After glueing two piece of oak plank together I just cut out with jig saw and do a bit of sanding with sand paper rolled around 1/2 copper pipe. After about 15 minute of sanding and tweaking it fits my hand well. Not a work of art like most of the sling shot I see on this forum but its functional . Would be interesting to have some one off to the side take a picture of me holding the sling on both axis during full draw to see if the bands appear to be drawn equal.


----------



## Bill Hays (Aug 9, 2010)

Looks good Man!
Sounds like you've got it figured out... keep working at it and you'll get that match lit before you know it... and believe me on this, it WILL be worth it!

Watch some of the videos where we light matches and notice the setup... how and at what angle the match is held in comparison to the shooter... and you'll get it done even sooner.

The only thing is, now the matches are more difficult to light than ever... the old Penley strike anywhere matches are basically gone, the green tip Diamond strike anywhere matches seem like the formulation has changed... and so forth and so on.

When I was a kid we had matches that would light if you simply threw them on the concrete tip down... one time I lit six in a row with my BB gun from about 10 yards (we didn't use meters back then).... 
Then it went to matches like the Ohio Blue Tips, still lightable but more difficult... 
then to the matches we had when I started shooting slingshots a little more than a decade ago.... way harder to light than the Blue Tips, but still okay so long as you microwave them and set them up with the right angle.... 

Until you have what we have today.... matches that are simply a lot more difficult to light, even under the perfect circumstances with the perfect shot, the best you can hope for is like 1 out of 5 or 10...
So don't get frustrated, just keep working at it and you get it.... it won't be easy but you'll have an enormous sense of accomplishment.


----------



## High Desert Flipper (Aug 29, 2020)

I also enjoy frames that fill the hand. The PP Scorpion and Taurus are my favorites. I have been playing with building my own sculpted frame from layered plywood to fill my hand perfectly, have the exact fork width I want, etc.. I made some initial progress that I was happy with but had to put that project aside for a while to take care of a few other things. Hoping to get back to it soon.

But I know exactly what you mean. They don't fit in the pocket but they are wonderful to shoot.
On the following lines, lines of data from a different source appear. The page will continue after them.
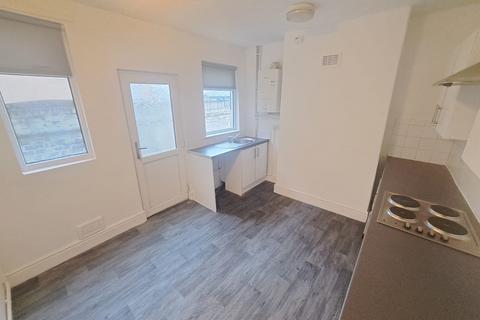 3 bedroom terraced house to rent, 3 Bed house in Chapel Avenue, L9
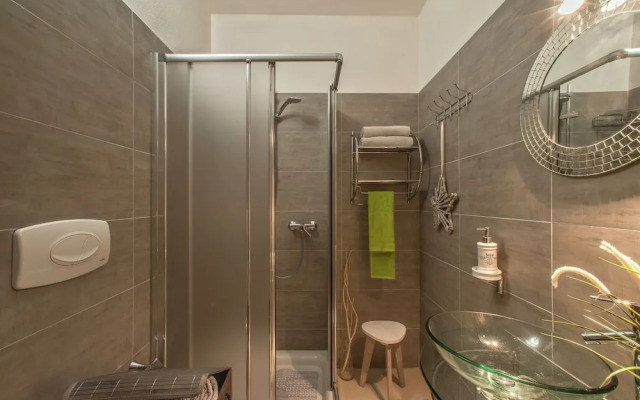 Plush Villa Apartment in Tavullia with Hot Tub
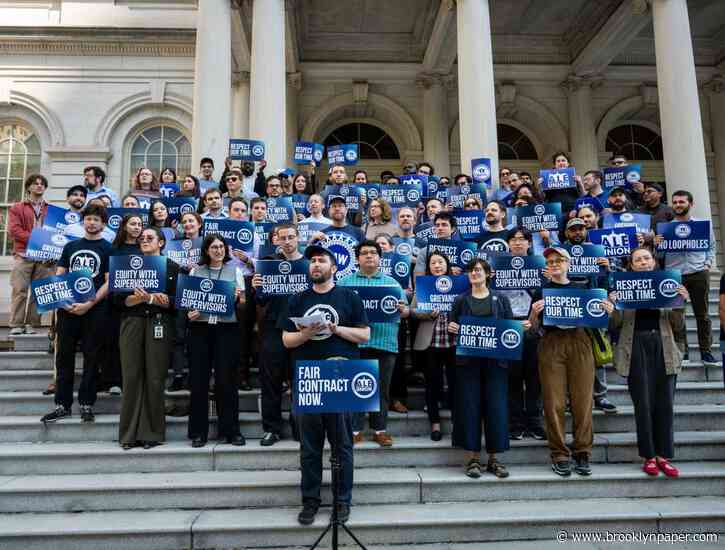 ‘Seal the deal’: ALE members rally at City Hall for fair contract for NYC Council staffers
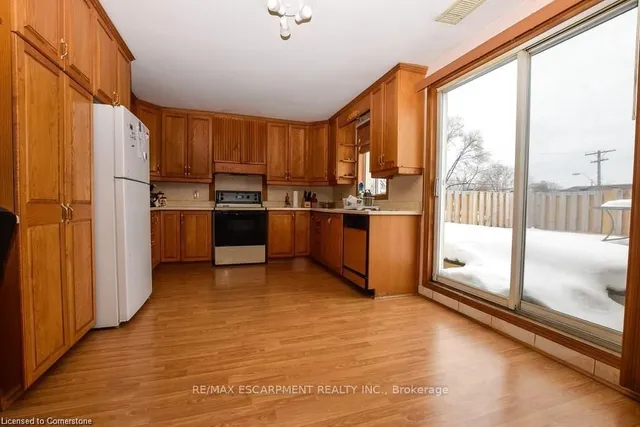 Additional image 28 of 120 Parkdale Ave
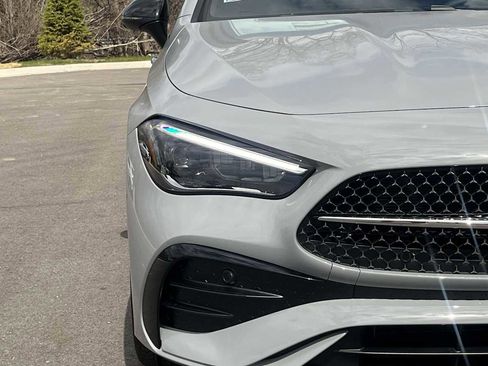 New 2026 Mercedes-Benz CLE 300 4MATIC Coupe image 22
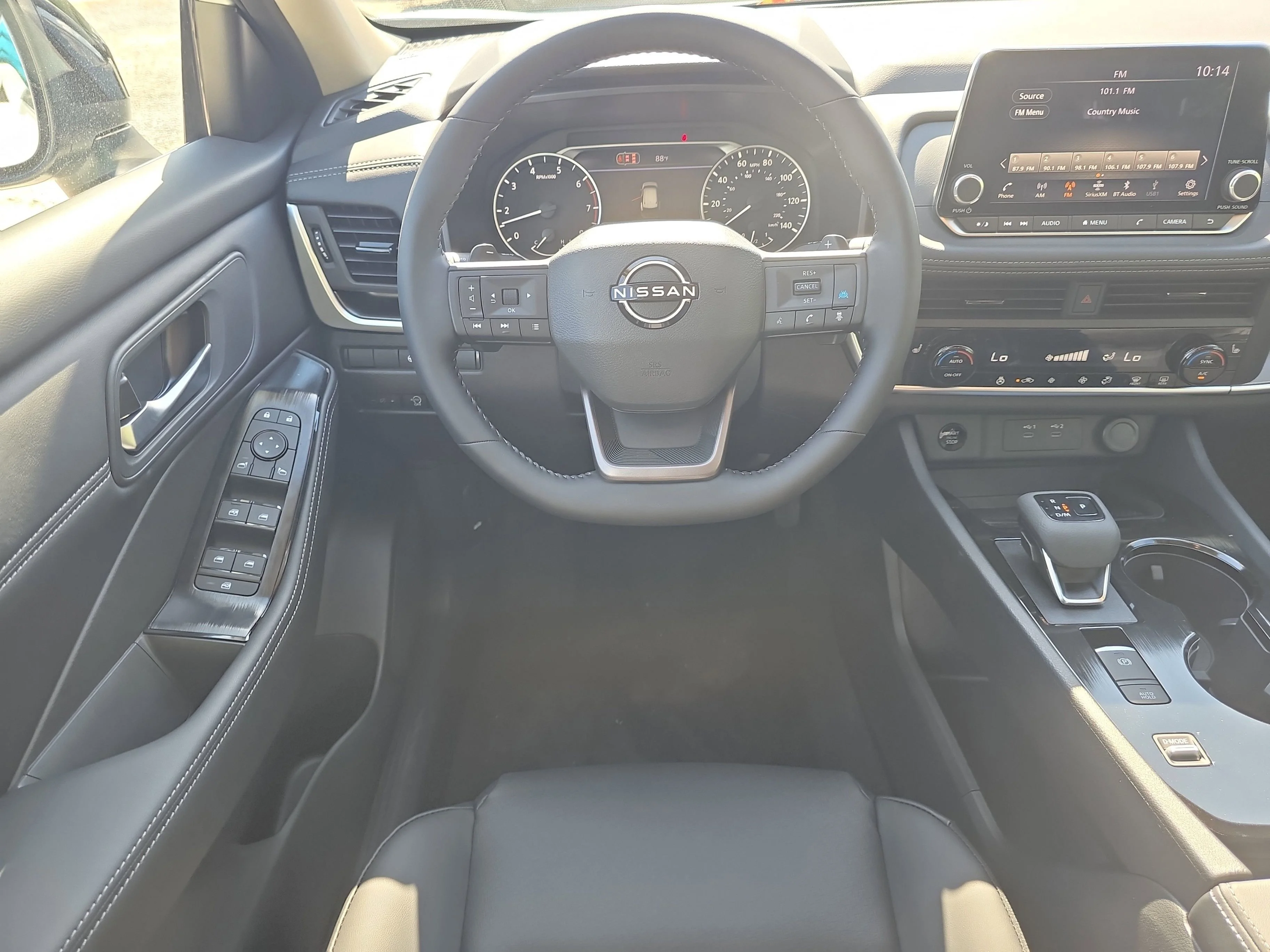 New 2026 Everest White Pearl Tricoat Nissan Dark Armor image 14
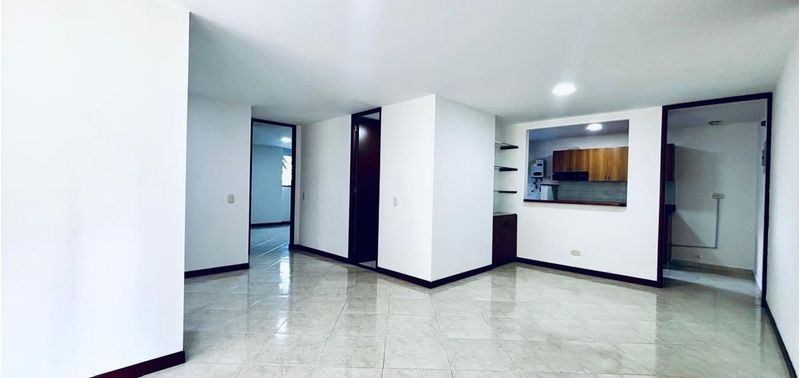 Apartamento en Venta en Envigado, Las Orquideas-2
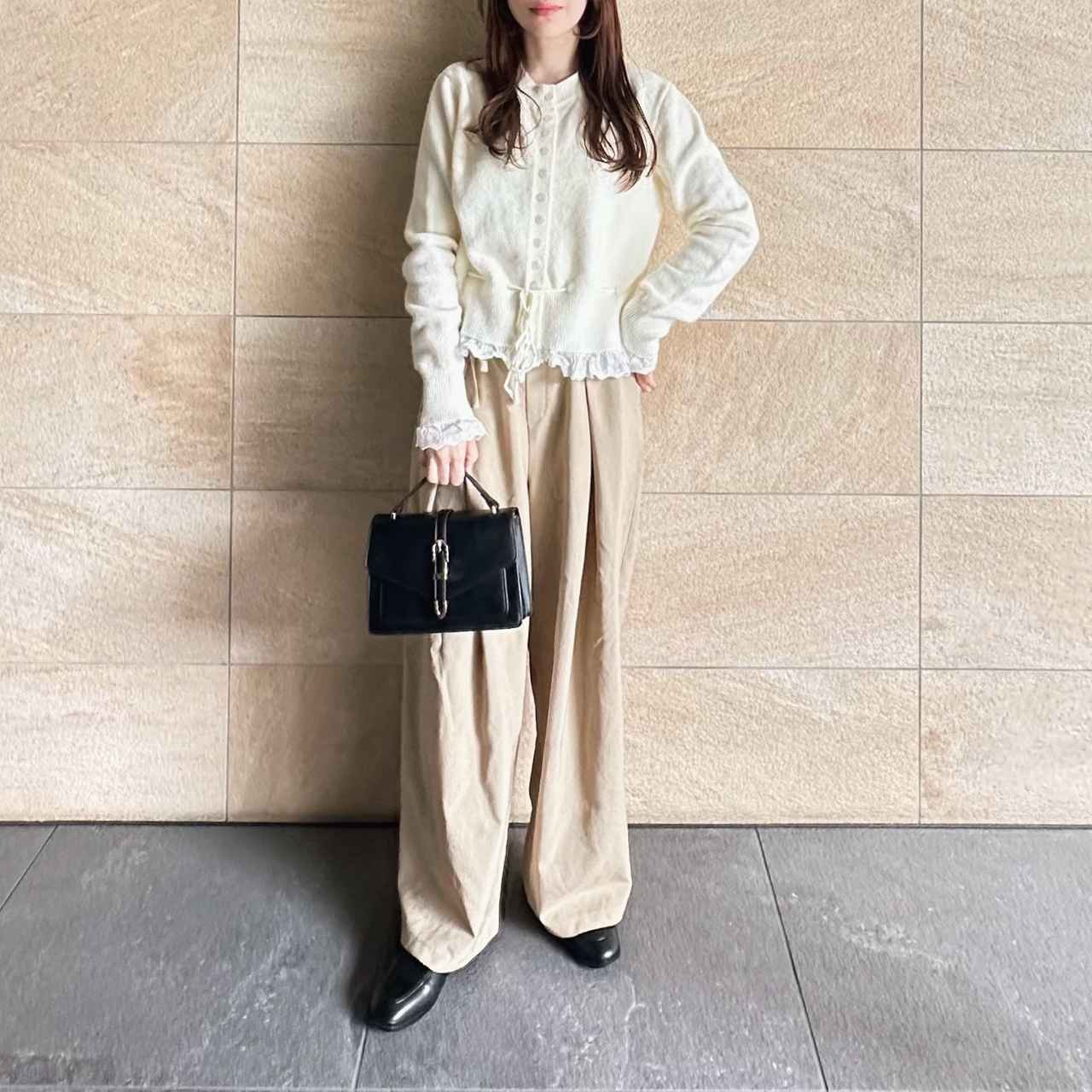 画像: タックパンツで大人っぽく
And congrats on the great shooting, consistently in a small circle at 10 M is excellent!


----------



## hoggy (Apr 17, 2017)

i concur, thick frames are a good thing.


----------



## Tag (Jun 11, 2014)

Nice looking


----------



## High Desert Flipper (Aug 29, 2020)

While I have been leaning away from flat frames lately a PP Hunter in the thick G10 is probably next on my to purchase list. Have some other things to take care of first but will be trying one of those next.


----------